** Opening SUPPLIED DATA block **

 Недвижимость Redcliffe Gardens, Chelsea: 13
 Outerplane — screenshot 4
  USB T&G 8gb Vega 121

** Closing SUPPLIED DATA block **
** Opening SUPPLIED DATA block **

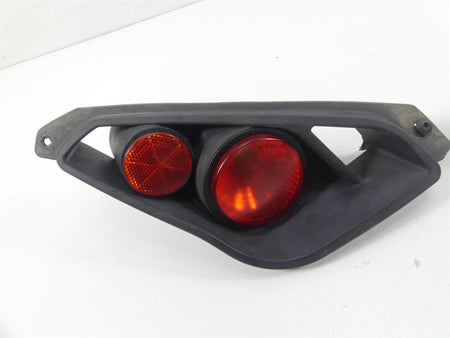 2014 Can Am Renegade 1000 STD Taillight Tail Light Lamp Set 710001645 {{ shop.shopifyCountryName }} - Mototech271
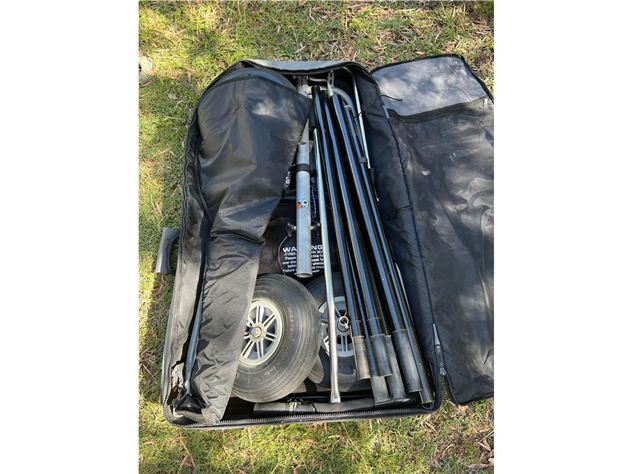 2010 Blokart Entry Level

** Closing SUPPLIED DATA block **
** Opening SUPPLIED DATA block **

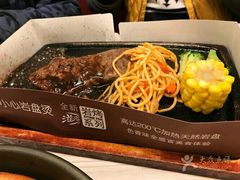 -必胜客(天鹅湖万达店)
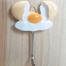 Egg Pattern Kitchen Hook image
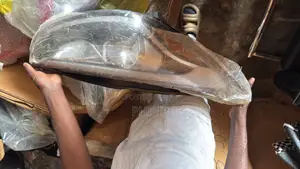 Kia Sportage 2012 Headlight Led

** Closing SUPPLIED DATA block **

> [WHAT THIS TASK INVOLVES]: From the records above, output only the lines starting at the one containing "Egg Pattern Kitchen Hook image" and ending at the one containing "Kia Sportage 2012 Headlight Led", word for word. Pictures stay out.

> [SOLUTION TO THE PROBLEM]:
 Egg Pattern Kitchen Hook image
 Kia Sportage 2012 Headlight Led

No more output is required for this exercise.